▸ **WHAT THE TASK REQUIRES**: Search the data for the word "Surface" and copy out every line that has it.

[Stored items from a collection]
········

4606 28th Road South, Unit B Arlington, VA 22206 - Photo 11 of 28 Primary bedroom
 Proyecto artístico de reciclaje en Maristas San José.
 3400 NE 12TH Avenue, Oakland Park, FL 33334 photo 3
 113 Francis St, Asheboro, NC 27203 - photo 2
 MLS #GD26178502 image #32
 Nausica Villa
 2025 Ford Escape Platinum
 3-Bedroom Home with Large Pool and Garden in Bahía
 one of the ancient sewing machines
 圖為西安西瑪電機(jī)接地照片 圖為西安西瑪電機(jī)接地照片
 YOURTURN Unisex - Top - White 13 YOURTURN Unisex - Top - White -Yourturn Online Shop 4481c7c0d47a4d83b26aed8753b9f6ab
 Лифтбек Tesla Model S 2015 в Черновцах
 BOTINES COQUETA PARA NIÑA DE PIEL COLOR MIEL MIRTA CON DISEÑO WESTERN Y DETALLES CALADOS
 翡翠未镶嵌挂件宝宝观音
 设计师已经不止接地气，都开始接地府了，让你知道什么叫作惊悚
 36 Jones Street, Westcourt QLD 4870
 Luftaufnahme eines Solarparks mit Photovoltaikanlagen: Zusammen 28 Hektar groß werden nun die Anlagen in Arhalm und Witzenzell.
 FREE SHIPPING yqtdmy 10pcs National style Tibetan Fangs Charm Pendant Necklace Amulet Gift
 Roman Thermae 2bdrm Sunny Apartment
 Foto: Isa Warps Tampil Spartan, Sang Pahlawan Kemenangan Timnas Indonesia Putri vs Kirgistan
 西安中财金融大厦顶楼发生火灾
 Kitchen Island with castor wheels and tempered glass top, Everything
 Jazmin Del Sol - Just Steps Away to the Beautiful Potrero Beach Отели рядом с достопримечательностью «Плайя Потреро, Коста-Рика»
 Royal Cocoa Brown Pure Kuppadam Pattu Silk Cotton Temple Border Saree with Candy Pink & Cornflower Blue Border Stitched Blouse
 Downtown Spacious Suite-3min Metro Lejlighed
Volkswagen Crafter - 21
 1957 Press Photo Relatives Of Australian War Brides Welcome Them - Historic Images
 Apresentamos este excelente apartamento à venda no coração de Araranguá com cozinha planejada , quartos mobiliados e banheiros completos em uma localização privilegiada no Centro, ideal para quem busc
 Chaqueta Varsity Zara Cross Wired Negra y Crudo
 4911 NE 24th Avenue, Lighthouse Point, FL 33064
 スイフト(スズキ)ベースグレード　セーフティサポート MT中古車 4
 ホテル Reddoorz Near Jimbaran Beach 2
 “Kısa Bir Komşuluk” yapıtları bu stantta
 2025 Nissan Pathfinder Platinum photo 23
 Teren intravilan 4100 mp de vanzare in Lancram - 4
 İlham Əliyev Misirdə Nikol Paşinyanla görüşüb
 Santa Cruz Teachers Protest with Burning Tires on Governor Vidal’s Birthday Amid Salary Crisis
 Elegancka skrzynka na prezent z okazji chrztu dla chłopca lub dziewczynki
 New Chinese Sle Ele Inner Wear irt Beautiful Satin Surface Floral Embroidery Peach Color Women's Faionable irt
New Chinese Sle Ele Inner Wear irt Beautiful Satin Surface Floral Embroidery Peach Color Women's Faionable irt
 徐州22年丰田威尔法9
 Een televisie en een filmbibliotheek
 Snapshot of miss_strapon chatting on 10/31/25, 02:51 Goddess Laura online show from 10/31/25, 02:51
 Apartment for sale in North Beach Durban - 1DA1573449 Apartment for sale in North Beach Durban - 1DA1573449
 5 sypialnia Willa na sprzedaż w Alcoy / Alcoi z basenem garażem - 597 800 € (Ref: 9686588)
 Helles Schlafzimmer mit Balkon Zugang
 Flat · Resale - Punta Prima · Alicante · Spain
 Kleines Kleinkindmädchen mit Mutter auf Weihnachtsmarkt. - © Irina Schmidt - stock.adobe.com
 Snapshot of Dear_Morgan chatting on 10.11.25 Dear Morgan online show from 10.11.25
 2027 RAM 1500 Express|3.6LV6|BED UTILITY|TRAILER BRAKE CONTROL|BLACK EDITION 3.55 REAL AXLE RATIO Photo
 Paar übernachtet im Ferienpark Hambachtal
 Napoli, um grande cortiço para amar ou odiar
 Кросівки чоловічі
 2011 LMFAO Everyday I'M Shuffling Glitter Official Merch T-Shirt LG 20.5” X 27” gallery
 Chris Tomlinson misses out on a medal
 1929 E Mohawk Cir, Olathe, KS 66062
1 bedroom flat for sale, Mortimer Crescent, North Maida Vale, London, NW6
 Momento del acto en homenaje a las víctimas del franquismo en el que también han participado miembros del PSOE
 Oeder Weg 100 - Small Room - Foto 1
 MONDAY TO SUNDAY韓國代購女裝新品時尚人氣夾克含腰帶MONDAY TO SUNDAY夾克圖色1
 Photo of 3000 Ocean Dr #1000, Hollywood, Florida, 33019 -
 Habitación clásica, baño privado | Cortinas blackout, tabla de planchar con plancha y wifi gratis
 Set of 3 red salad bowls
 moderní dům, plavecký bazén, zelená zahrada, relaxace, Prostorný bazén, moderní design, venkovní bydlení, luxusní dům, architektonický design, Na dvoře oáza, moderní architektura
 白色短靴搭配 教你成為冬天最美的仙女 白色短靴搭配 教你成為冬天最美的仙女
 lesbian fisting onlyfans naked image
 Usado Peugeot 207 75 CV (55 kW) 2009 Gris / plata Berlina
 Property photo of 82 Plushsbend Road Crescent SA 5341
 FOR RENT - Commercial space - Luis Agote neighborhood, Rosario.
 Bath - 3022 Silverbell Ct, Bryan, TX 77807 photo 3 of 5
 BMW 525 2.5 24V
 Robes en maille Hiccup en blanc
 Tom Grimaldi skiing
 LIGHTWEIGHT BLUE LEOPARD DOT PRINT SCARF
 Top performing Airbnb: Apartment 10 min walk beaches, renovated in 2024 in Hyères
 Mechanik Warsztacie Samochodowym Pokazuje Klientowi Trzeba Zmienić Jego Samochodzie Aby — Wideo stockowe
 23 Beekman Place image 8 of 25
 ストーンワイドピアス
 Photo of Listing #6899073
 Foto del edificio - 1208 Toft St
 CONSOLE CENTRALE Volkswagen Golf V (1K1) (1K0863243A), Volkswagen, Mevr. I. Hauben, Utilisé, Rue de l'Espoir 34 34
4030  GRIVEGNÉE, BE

········

▸ **TASK SOLUTION**:
 New Chinese Sle Ele Inner Wear irt Beautiful Satin Surface Floral Embroidery Peach Color Women's Faionable irt
New Chinese Sle Ele Inner Wear irt Beautiful Satin Surface Floral Embroidery Peach Color Women's Faionable irt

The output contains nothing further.